Former India captains Sunil Gavaskar and Kapil Dev have criticised the appointment of Duncan Fletcher as the coach of the national team, saying the BCCI should have instead picked a former India player. “Someone like [Mohinder] Amarnath would have been a better choice for the simple reason that the core of the Indian team today is from the Hindi-speaking belt,” Gavaskar told the NDTV news channel.
“He would have got on brilliantly with this group as well as the seniors. It would have been a lot easier for Amarnath to understand and interact with the players. “Apart from that he has got a fabulous record of making comebacks, he knows what it is to be down and then come back up. There is a perception and a wrong one that an Indian [coach] can be influenced and that he will get involved in politics.
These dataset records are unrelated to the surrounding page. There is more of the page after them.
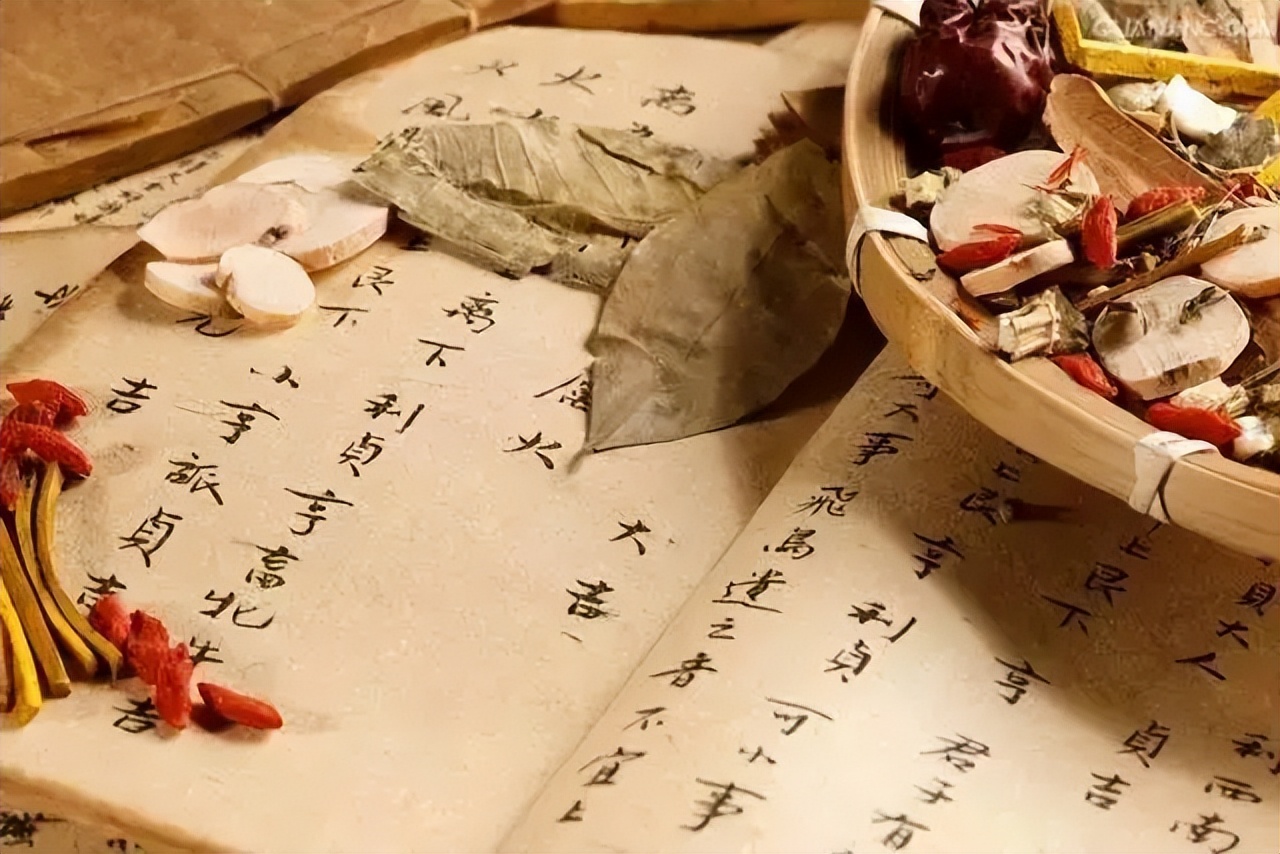 中医专长与助理医师不冲突，可以都考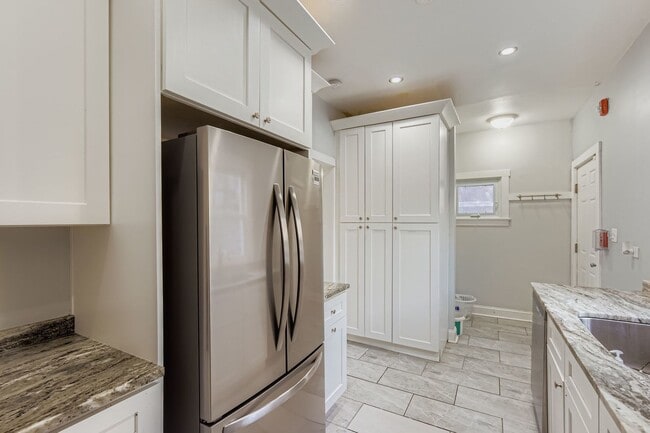 Building Photo - 7356 N Ashland Blvd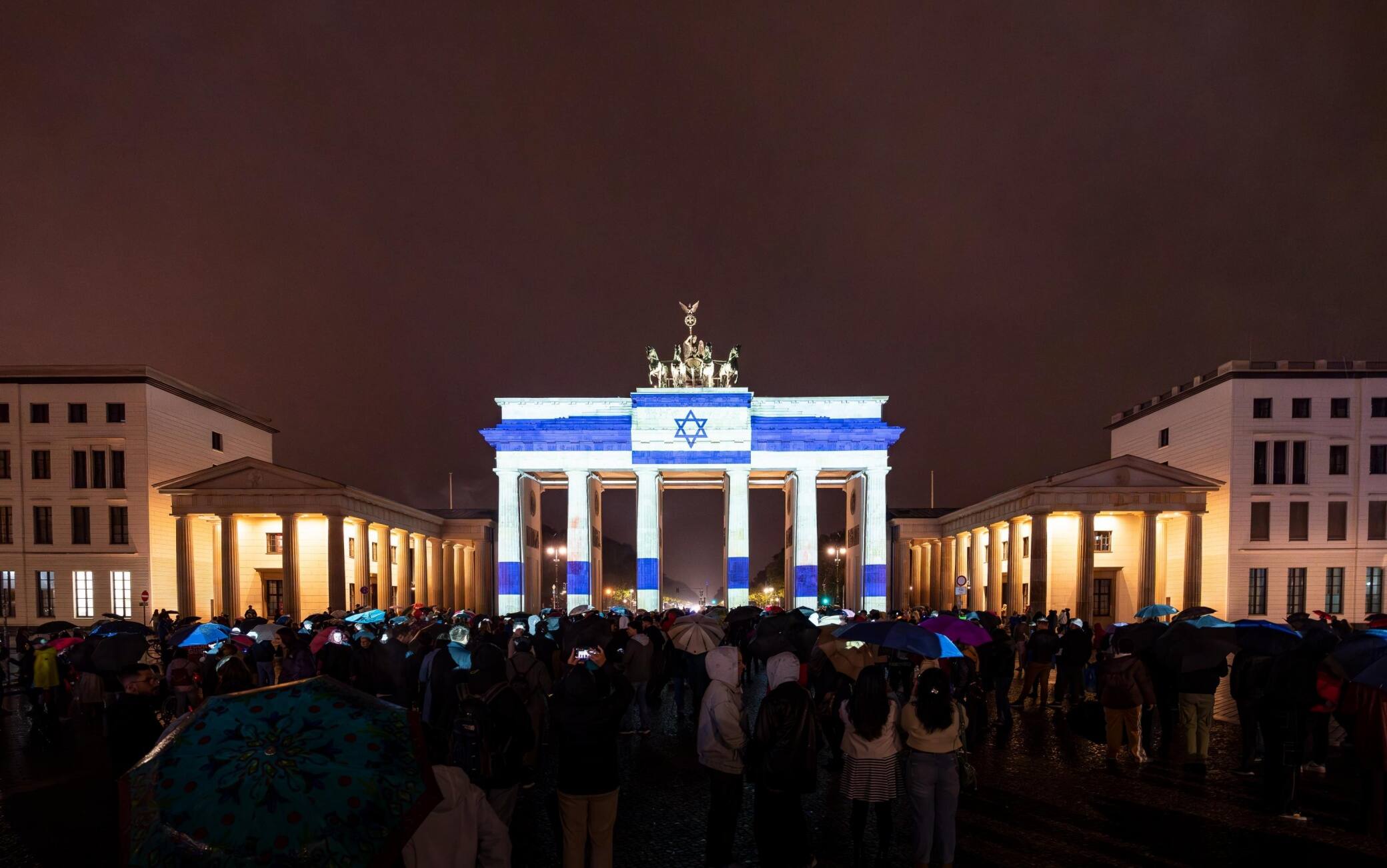 La Porta di Brandeburgo illuminata con la bandiera israeliana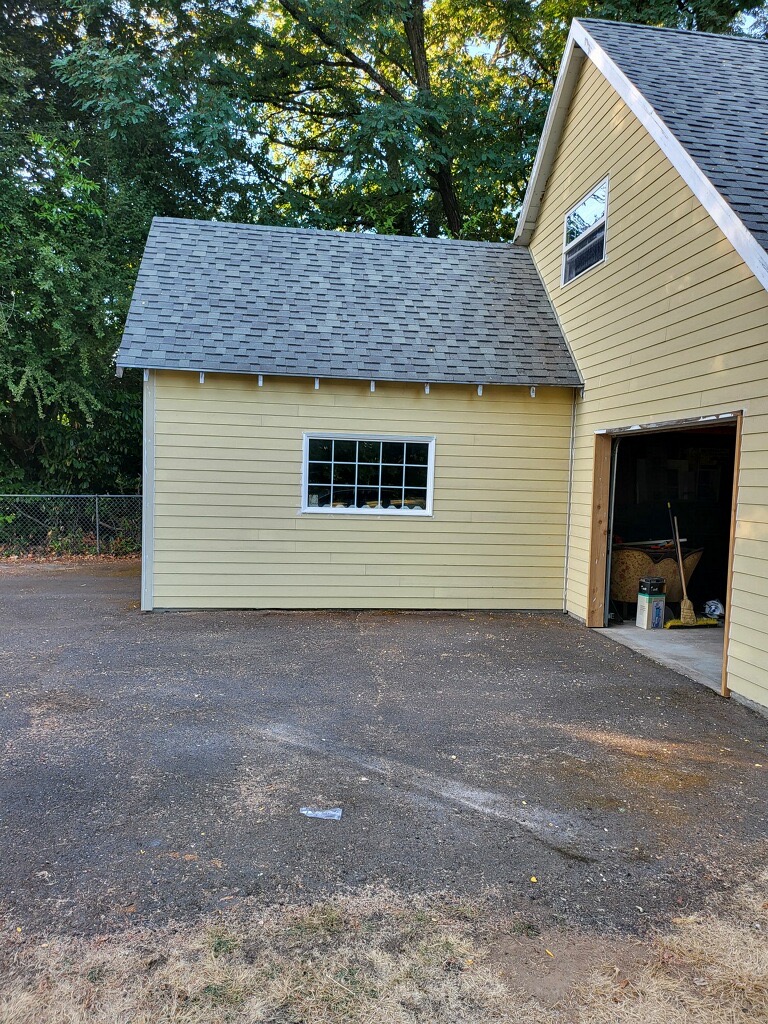 Roofing - Garage Before Siding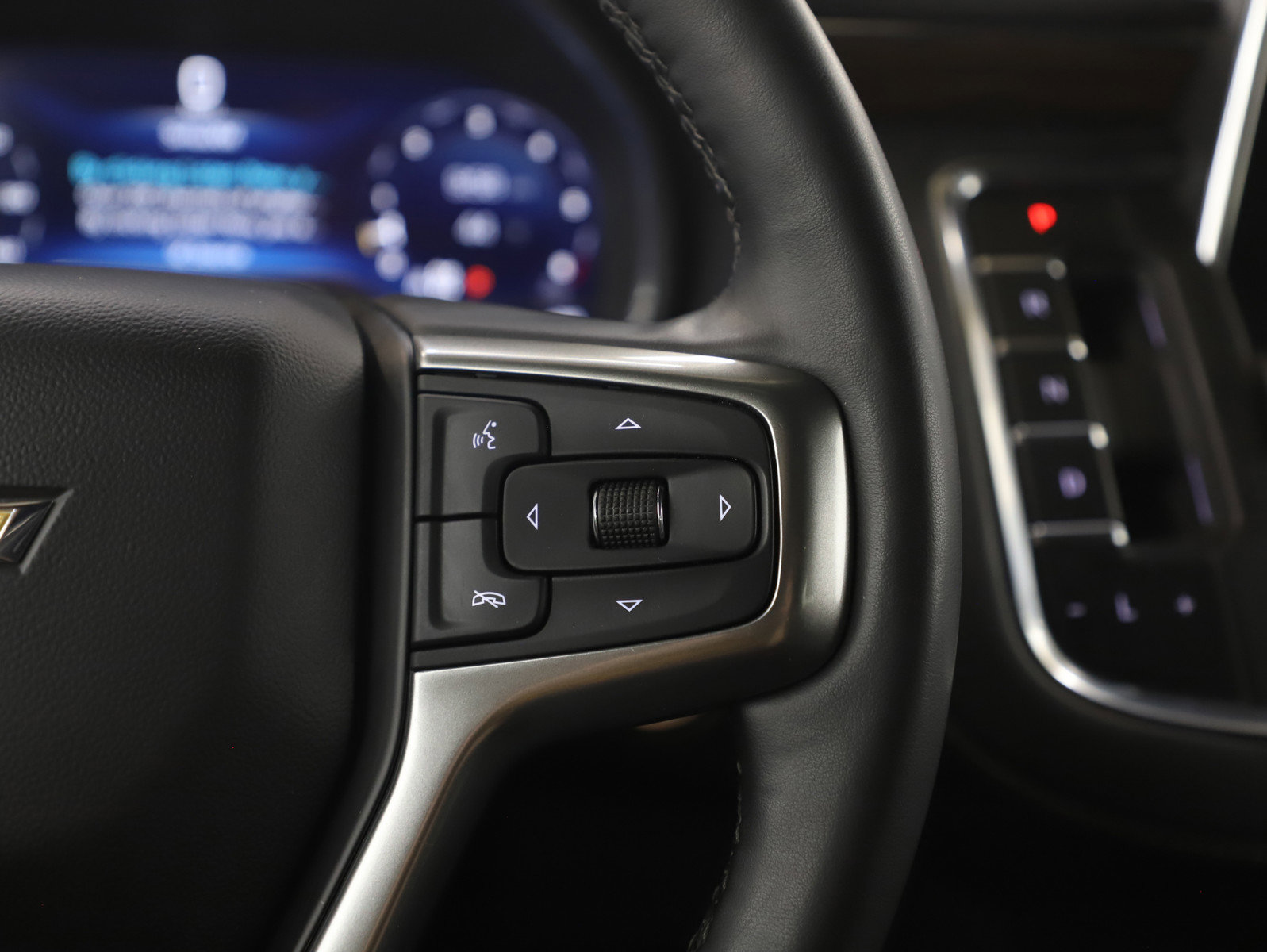Used 2023 Chevrolet Suburban Premier AWD/4WD image 31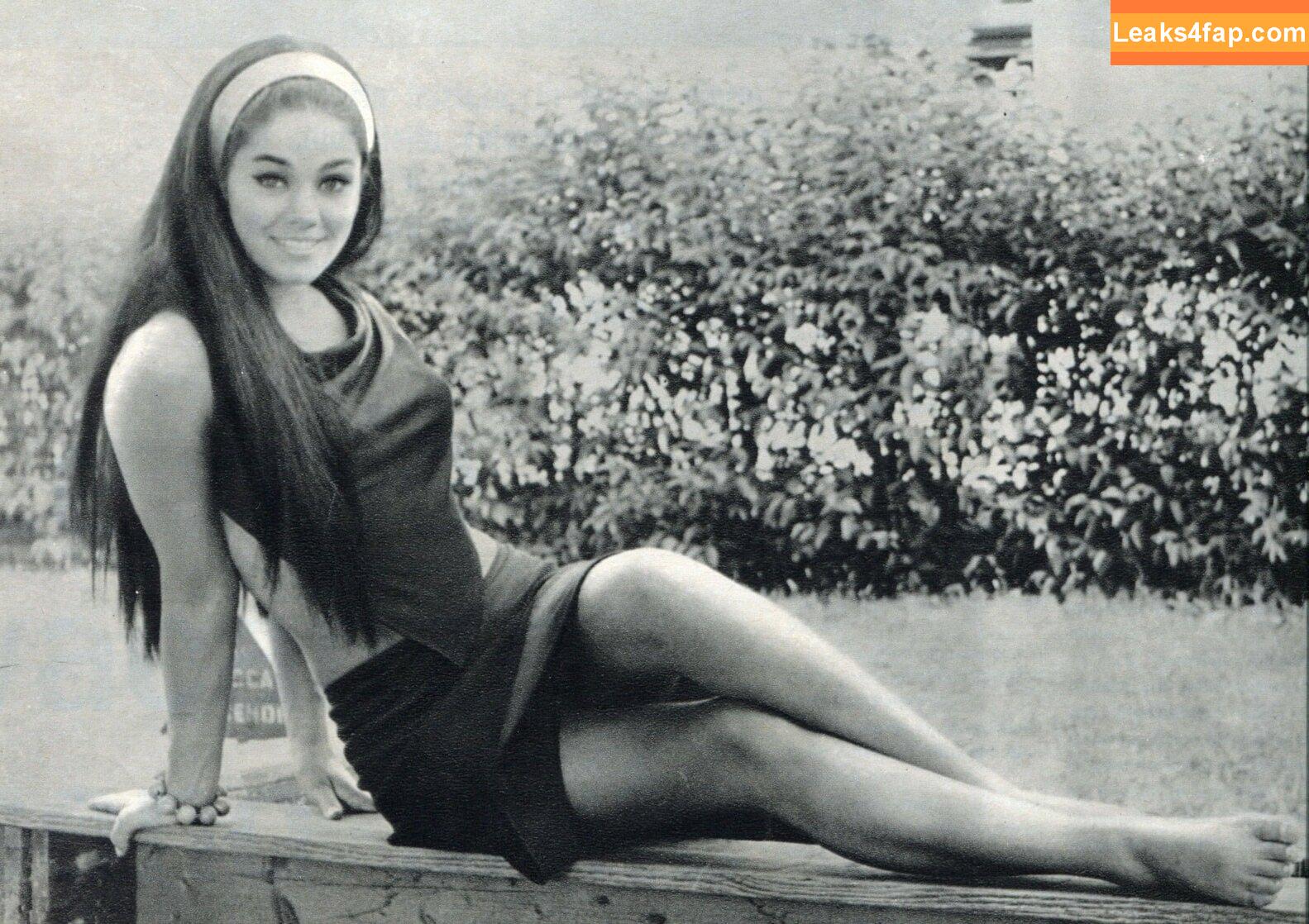 Vintage Starlets /  leaked photo photo #0739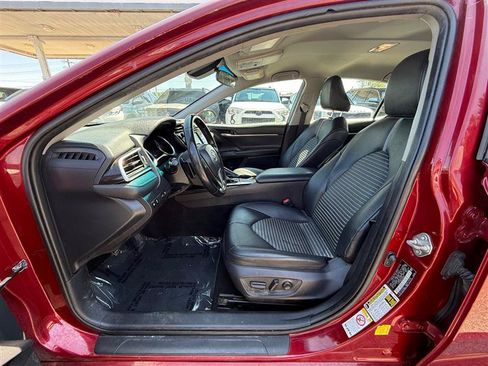 Used 2018 Toyota Camry SE FWD image 18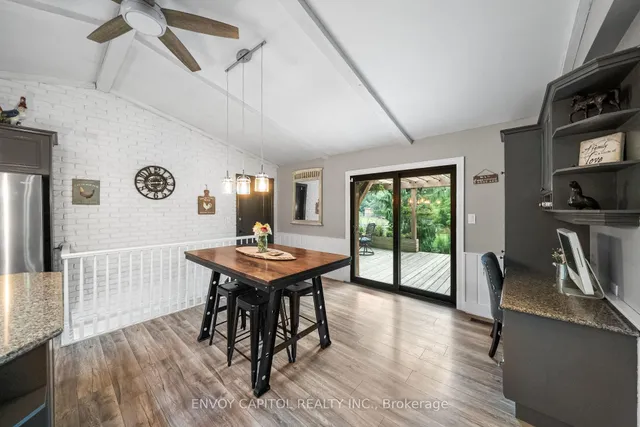 Additional image 11 of 11636 6th Line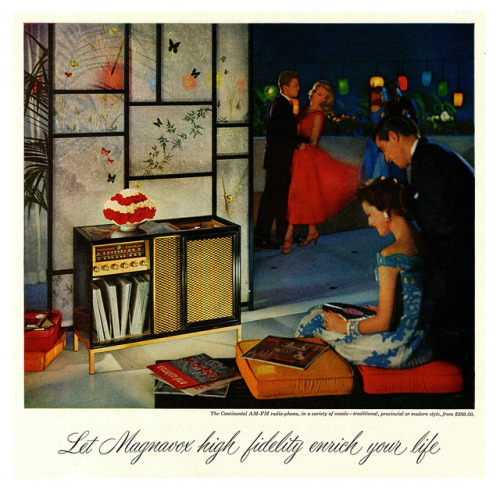 klappersacks:  A Magnavox Hi-Fi Will Enrich Your Life by paul.malon on Flickr. 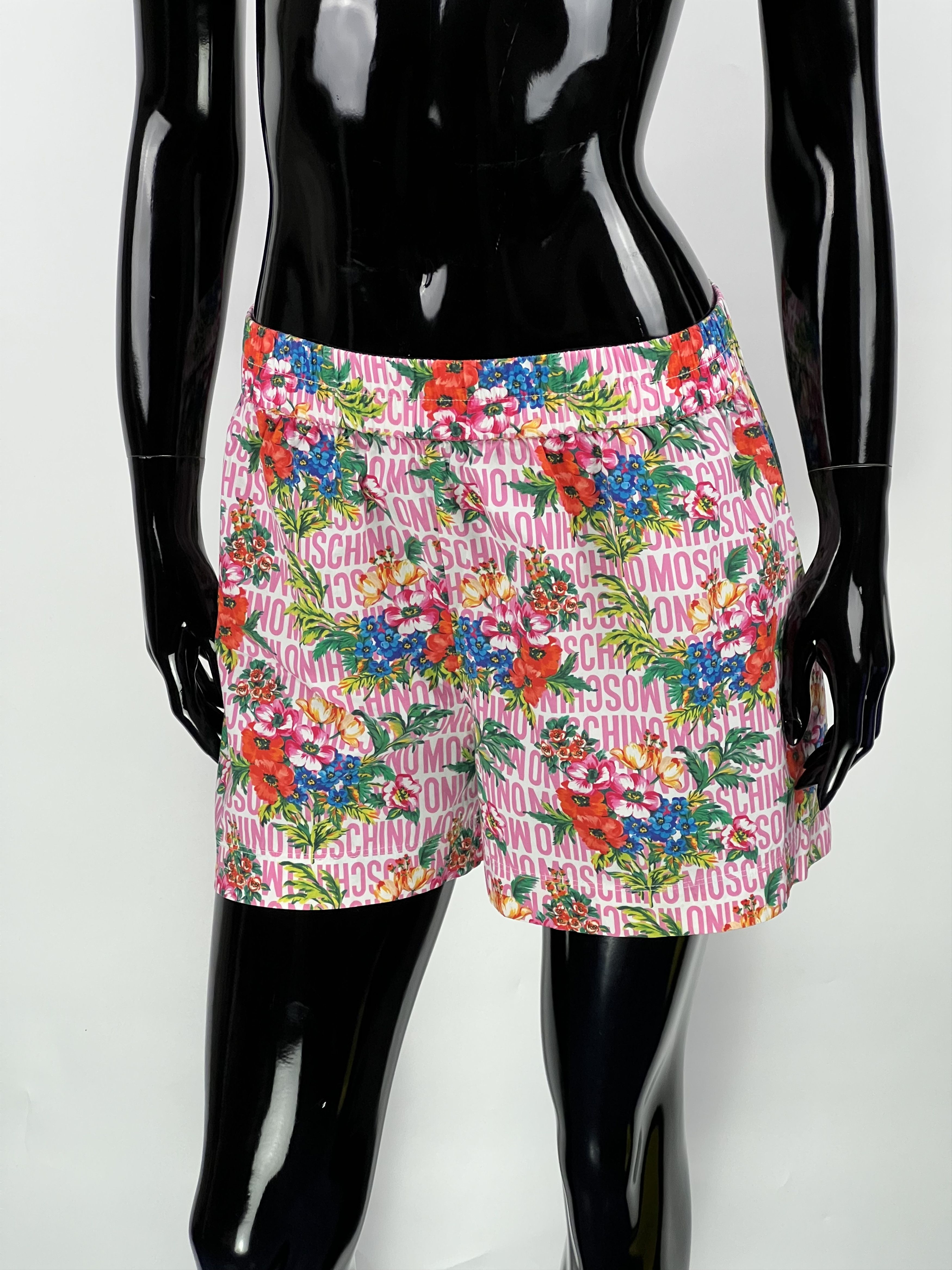 Moschino Moschino Teen Full Print Shorts Size XS Size 26" / US 2 / IT 38 - 1 Thumbnail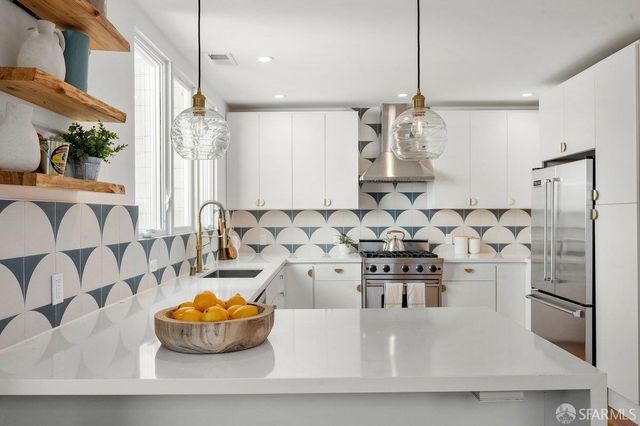 567 Kansas Street, San Francisco, CA 94107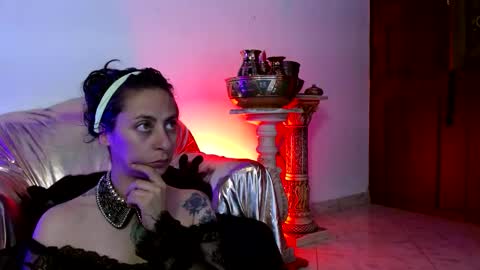 Serena Xyz online show from October 28, 2025, 7:27 pm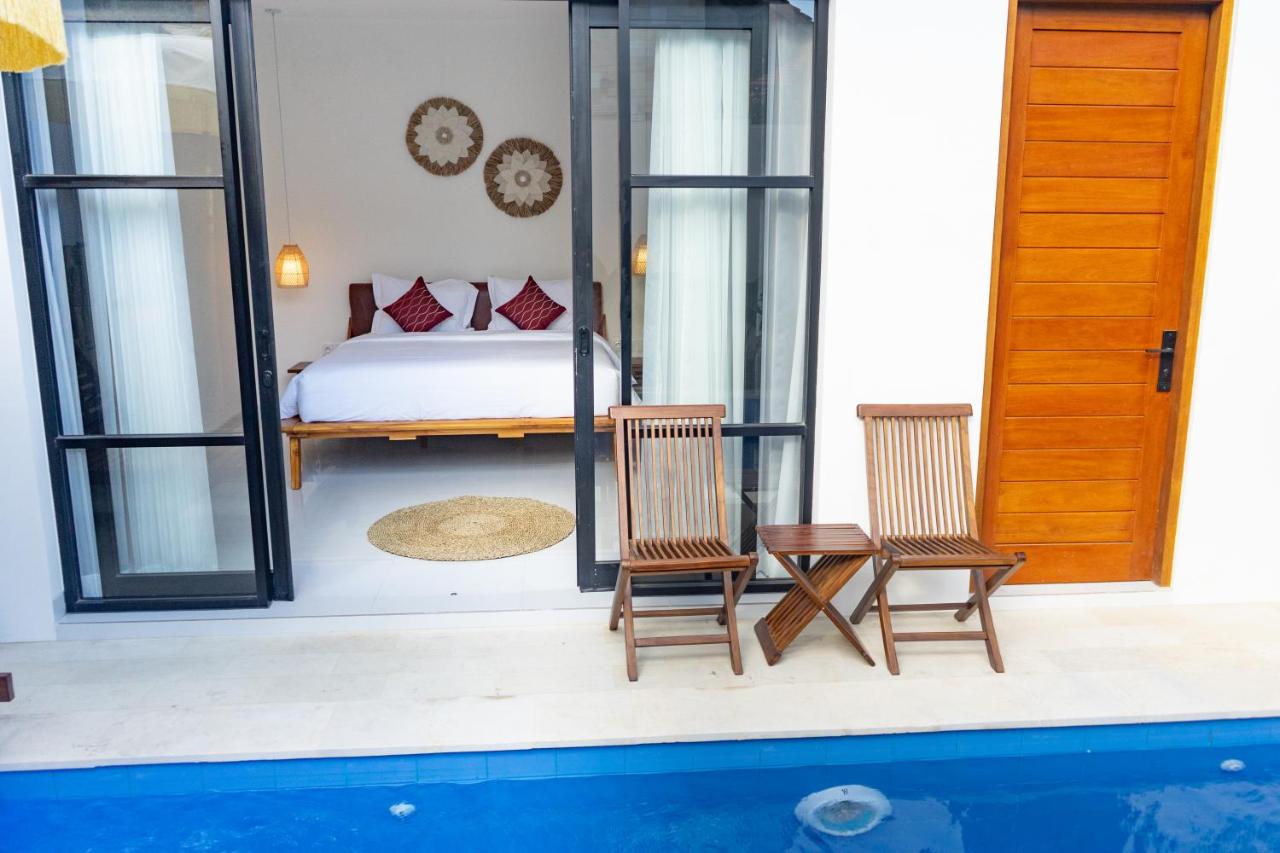 Villa Tatra 5min walk to Finns and Berawa beach - Chambres d’hôtes Canggu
You are presuming that he cannot be a strong person.”
Kapil said Robin Singh and Venkatesh Prasad, who were fielding and bowling coaches of the side for more than two years until October 2009, should have got the nod again. “Who is Duncan Fletcher?,” Dev, who played against Fletcher in the 1983 World Cup, asked the Hindustan Times newspaper. “That happened almost 30 years ago. I don’t remember much of him as a player. I would like to see Prasad and Robin as coaches of the Indian team. Not because they are Indians but because they did a great job at the T20 World Cup in 2007.”
The BCCI have not appointed an Indian coach since the era of John Wright, under whose watch India began to win consistently abroad and made the final of the 2003 World Cup. Greg Chappell, who took over from Wright, endured mixed results, including an ignominious first-round exit at the 2007 World Cup. Gary Kirsten, who was recommended by a panel that incidentally included Gavaskar, oversaw another turnaround, taking India to the top of the Test ranking table before ending his stint with a win in the 2011 World Cup.